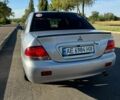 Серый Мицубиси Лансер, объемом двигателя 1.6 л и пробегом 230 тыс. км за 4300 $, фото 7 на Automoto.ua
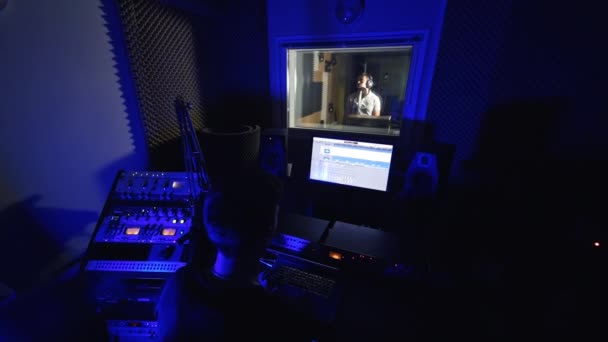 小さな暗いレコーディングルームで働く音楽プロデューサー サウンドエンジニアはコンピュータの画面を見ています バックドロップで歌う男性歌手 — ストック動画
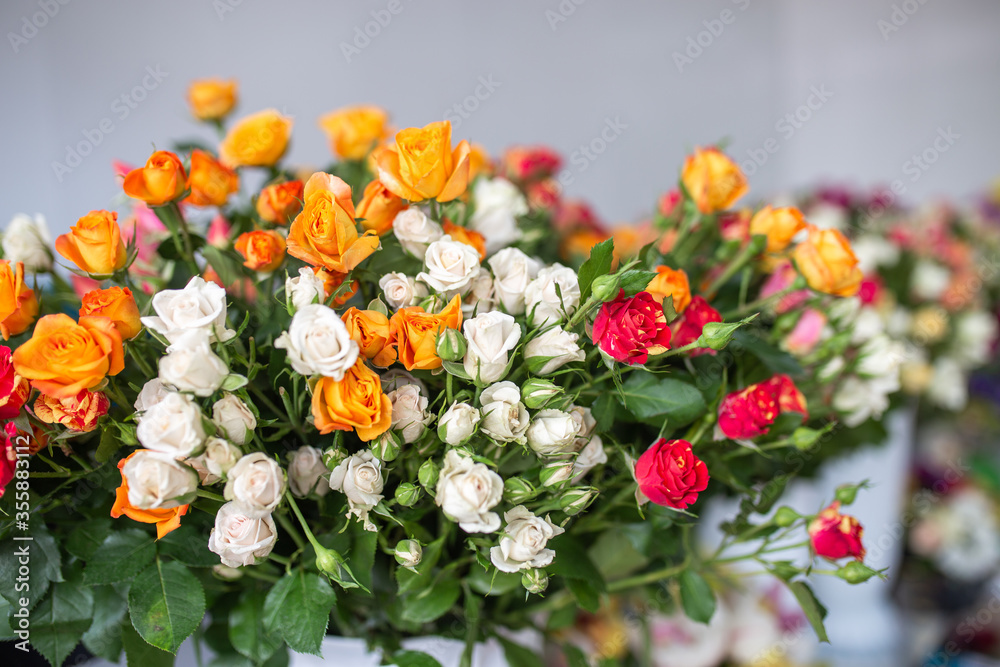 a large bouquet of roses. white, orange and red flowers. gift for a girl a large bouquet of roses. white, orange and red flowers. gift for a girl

# What you have to do:
The line containing "バックドロップで歌う男性歌手 — ストック動画" and each line after it through the end of the listing above are to be written out exactly, without the pictures.

# Task output:
 小さな暗いレコーディングルームで働く音楽プロデューサー サウンドエンジニアはコンピュータの画面を見ています バックドロップで歌う男性歌手 — ストック動画
 a large bouquet of roses. white, orange and red flowers. gift for a girl a large bouquet of roses. white, orange and red flowers. gift for a girl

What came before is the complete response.